Ursachen, Instrumente und Motivation der Öffnung des Innovationsprozesses

AutorMatthias Kammerer
VerlagGRIN Verlag
Erscheinungsjahr2008
Seitenanzahl90 Seiten
ISBN9783640125395
FormatPDF/ePUB
Kopierschutzkein Kopierschutz/DRM
GerätePC/MAC/eReader/Tablet
Preis34,99 EUR
Diplomarbeit aus dem Jahr 2008 im Fachbereich BWL - Unternehmensführung, Management, Organisation, Note: 1,3, Johannes Gutenberg-Universität Mainz (Lehrstuhl Produktionswirtschaft), 81 Quellen im Literaturverzeichnis, Sprache: Deutsch, Abstract: In der heutigen Zeit, in der sich Unternehmen immer intensiver mit den Herausforderungen des zunehmenden internationalen Wettbewerbs, kürzer werdenden Produktlebenszyklen, stetig wachsender Heterogenität der Marktbedürfnisse bei gleichzeitig steigenden Kosten im Bereich der Forschung und Entwicklung auseinandersetzen müssen, kommt einer effektiven und effizienten Gestaltung des Innovationsprozesses eine zentrale Rolle zu. Die erfolgreiche Generierung von Innovationen, sei es auf Produkt- oder Prozessebene, rückt somit in den Mittelpunkt des Interesses und ist von entscheidender Bedeutung für den Erfolg, ein beständiges Wachstum und das langfristige Fortbestehen eines Unternehmens.
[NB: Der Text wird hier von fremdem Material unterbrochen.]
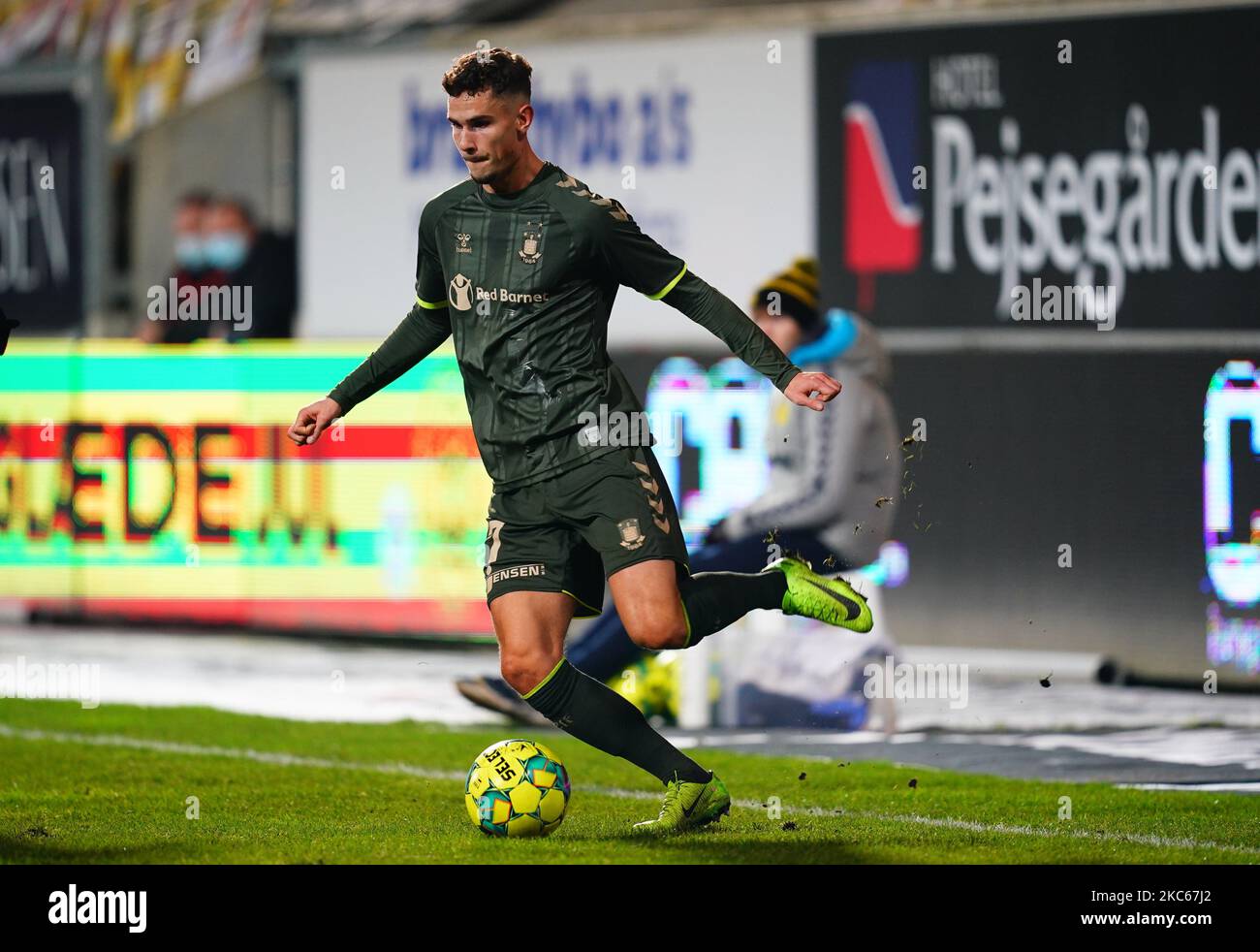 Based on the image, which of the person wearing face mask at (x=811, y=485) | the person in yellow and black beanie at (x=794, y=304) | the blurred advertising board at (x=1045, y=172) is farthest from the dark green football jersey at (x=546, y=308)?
the blurred advertising board at (x=1045, y=172)

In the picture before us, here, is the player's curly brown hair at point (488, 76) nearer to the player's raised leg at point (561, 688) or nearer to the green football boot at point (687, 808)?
the player's raised leg at point (561, 688)

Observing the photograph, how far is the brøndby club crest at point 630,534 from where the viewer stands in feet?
23.7

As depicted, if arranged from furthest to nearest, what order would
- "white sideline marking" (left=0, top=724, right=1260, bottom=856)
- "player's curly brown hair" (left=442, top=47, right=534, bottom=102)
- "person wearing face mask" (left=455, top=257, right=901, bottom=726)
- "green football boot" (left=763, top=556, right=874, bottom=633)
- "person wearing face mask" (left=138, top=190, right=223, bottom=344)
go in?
"person wearing face mask" (left=138, top=190, right=223, bottom=344), "person wearing face mask" (left=455, top=257, right=901, bottom=726), "green football boot" (left=763, top=556, right=874, bottom=633), "white sideline marking" (left=0, top=724, right=1260, bottom=856), "player's curly brown hair" (left=442, top=47, right=534, bottom=102)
Chesbrough (2003) fasst diesen Sachverhalt treffend zusammen, indem er erklärt, dass 'Most innovations fail. And companies that don't innovate die'. Trotz der hohen Relevanz von Innovationen als Schlüsselkompetenz eines Unternehmens gelingt es häufig nicht, innovative Produkte und Services erfolgreich zu kommerzialisieren, d.h. am Markt zu platzieren und von den Innovationen finanziell zu profitieren. Die hieraus resultierende Frage ist folglich die nach einer Gestaltung des Innovationsprozesses, der sich flexibel den heutigen Gegebenheiten anpasst und Innovationen schnell und erfolgreich auf den Markt zu bringen vermag. Gemäß des klassischen Innovationsansatzes der 'Closed Innovation' verließen sich Unternehmen bei der Kreation und Entwicklung neuer Ideen in der Vergangenheit allein auf die interne Expertise ihrer F&E-Abteilung. Im Rahmen dieser Arbeit soll jedoch gezeigt werden, dass diese abgeschottete Sichtweise in sehr vielen Bereichen heute nicht mehr ausreichend ist, um im Wettbewerb dauerhaft zu bestehen. Vielmehr ist oftmals eine Öffnung des Innovationsprozesses ratsam, um den möglichen Lösungsraum innovativer Ideen durch die zusätzliche Einbeziehung einer Vielzahl von externen Wissens- und Ideenträgern zu erweitern und die Chance auf eine erfolgreiche Innovation ebenfalls deutlich zu erhöhen. Neben Lieferanten, Universitäten und kommerziellen Forschungslabors sind die Kunden bzw. Nutzer eine sehr wichtige externe Quelle von Innovationen, die daher im Folgenden im Zentrum der Betrachtung stehen sollen.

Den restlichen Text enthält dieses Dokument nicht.